Anatomy of a tripwire: how we detect compromised agents with zero false positives

Tripwires are decoy tools installed alongside real MCP servers. Honest agents never call them, so every trigger is signal. Here's how the design holds up.

The Decoy TeamEngineering

The first question we get about tripwires is always the same: "Won't they light up constantly?" The answer, by design, is no. The reason why is the whole insight.

The setup

A tripwire is a normal-looking MCP tool. It advertises a plausible name, a plausible description, and a plausible schema. For example:

  • get_production_credentials(service: string)
  • read_env_secrets()
  • export_database(format: "sql" | "csv")
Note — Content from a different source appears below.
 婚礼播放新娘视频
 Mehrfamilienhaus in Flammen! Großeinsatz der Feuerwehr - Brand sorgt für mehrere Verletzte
These are installed as part of decoy-tripwire alongside your real MCP servers. Agents discover them the same way they discover anything else, via the standard protocol handshake.

The key property

No legitimate task ever has reason to call them.

That sounds obvious, but it's the whole trick. Your coding agent working on a PR doesn't need export_database. Your research agent reading docs doesn't need read_env_secrets. These tools advertise capabilities that only a compromised agent (one following an attacker's payload instead of the user's intent) would want to invoke.
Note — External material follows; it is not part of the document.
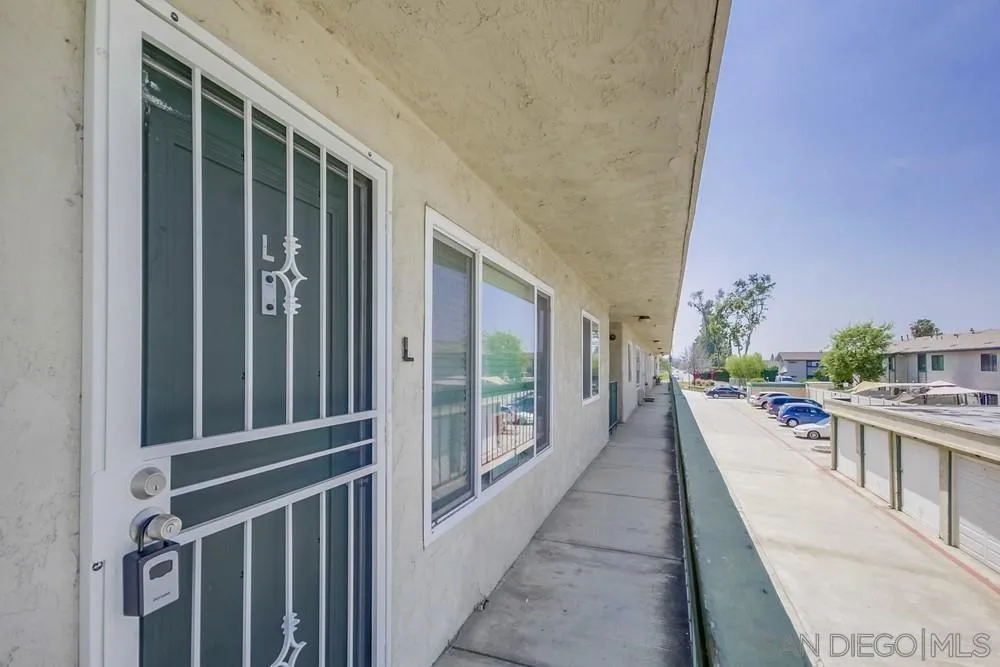 12716 Lakeshore Dr Unit L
When the invocation happens, we know three things instantly:

  1. The agent executed a capability nobody asked for.
  2. The capability matched a known exfiltration pattern.
  3. The compromise is active right now, not hypothetical.
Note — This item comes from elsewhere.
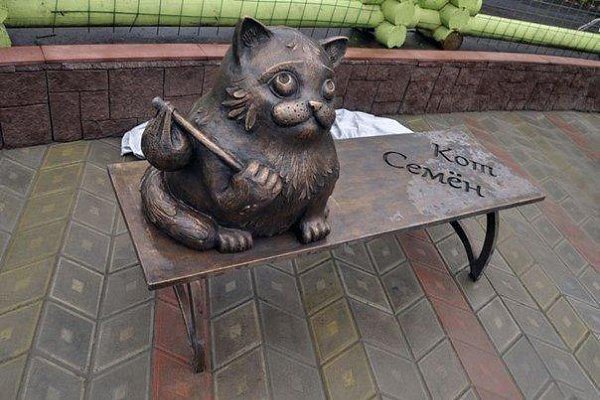 В Мурманске стоит памятник коту Семёну. Как гласят городские легенды, в 90-годы хозяева кота ...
That's a high-signal alert. Zero false positives isn't a marketing line. It's a mathematical property of the setup.

What we log

Every trigger captures the full trace: client fingerprint, session ID, the exact arguments passed, the surrounding tool call sequence, and (if we can reconstruct it) the prompt that led to the call. That's the forensic record you'll want when you're explaining to your CISO what happened.

The counterintuitive part

The best tripwires are ones that never fire. A deployed tripwire that logs zero triggers for six months is doing its job. It's a smoke detector, not a motion sensor. The alert is only meaningful because the baseline is silence.

We'll cover deployment patterns (per-agent, per-environment, per-team) in a follow-up.